Holding a folded thick kitchen towel in my hands, I transferred the parantha off the tawa and onto the kitchen towel. Adding 1 tbsp each of ghee and sugar, I crushed it gently inwards, using the towel as a buffer from the heat. Transferring it from the towel to a plate, I continued to gently crumble the parantha with my fingers and mixed it in well with the ghee and sugar.
I also took a few seconds to stop and thank the Almighty for my mother, who did this for years on end. That parantha was super hot and I singed my fingers thoroughly. Sadly, for best results, this step must be done as soon as it is off the heat.
And here it is: a plate full of warm, sweet, sinful, soft-and-crunchy-at-the-same-time deliciousness!
Enjoy with a spoon, or with your bare hands like I do!
Notes on Chooree:
- The ghee, sugar, salt & chilli powder are approximate quantities and might need to be adjusted “to taste”.
- I use home-made ghee for all preparations, but store-bought should be just fine.
- You can use salted/ unsalted butter instead of ghee. If you’re feeling slightly “healthy”, then you can use vegetable oil (or any other light, flavour-less oil). At least for the parantha stage. I’m not sure oil would work for the crushing stage.
- I love the slight zing the Chooree gets from the red chilli powder.

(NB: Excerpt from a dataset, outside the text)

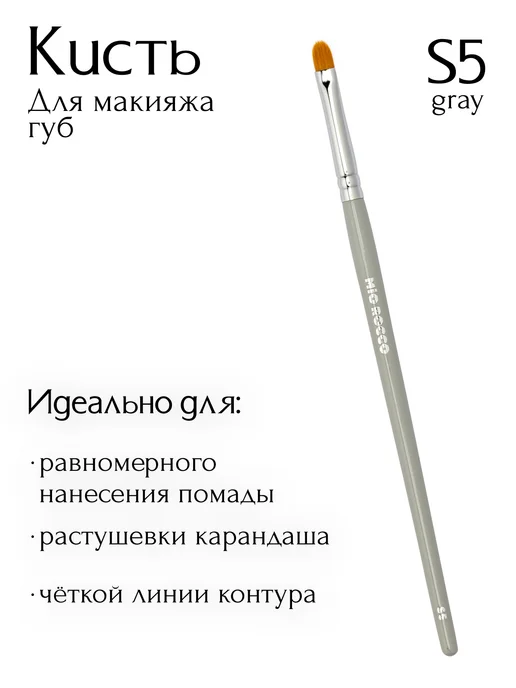 MiO ROCCO Кисть для макияжа, для губ и стрел S5 Gray плоская, серый, фото 2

AK didn’t care for it much. So I guess you should try it out and decide for yourself.
- My mom says that black pepper does very well as a substitute to the red chilli powder.
Notes & Learnings in Parantha Making:
I’m no expert on roti or parantha making. In all my adolescent cooking years, I learned a lot but never bothered with rotis because they were boring and there was always someone else to make them – like mom or the cook. After quite a few miserable trials and errors, I have finally found some pride in serving my paranthas. Rotis are still a work-in-progress. Nevertheless, I thought you may benefit from some of my learnings (if you’re not an accomplished roti-maker already)!
- While making the dough, make sure you knead it for at least 5-7 minutes so it can be aerated. That is what causes the air bubbles while cooking. If you don’t knead then the paranthas will end up much dense-r.
- After kneading the dough, allow it to rest covered for about 30 minutes. If the dough is pre-made/ kneaded, then pull it out of fridge and allow it time to return to room temperature.
- If using an iron tawa, allow it a longer time to pre-heat than a non-stick one.
- Try not to flip the parantha too many times. Rather, allow it to cook slowly and evenly on one side and then the other. There’s no accurate or scientific timing to the cooking of the parantha. It’s something you need to discover for yourself. Bear in mind that there is a fine line between browning and blackening of the parantha.
- Typically, I discard the first parantha because it blackens very quickly without cooking very well in the middle. After the first one, the rest work well, maybe because the first one seasons the tawa.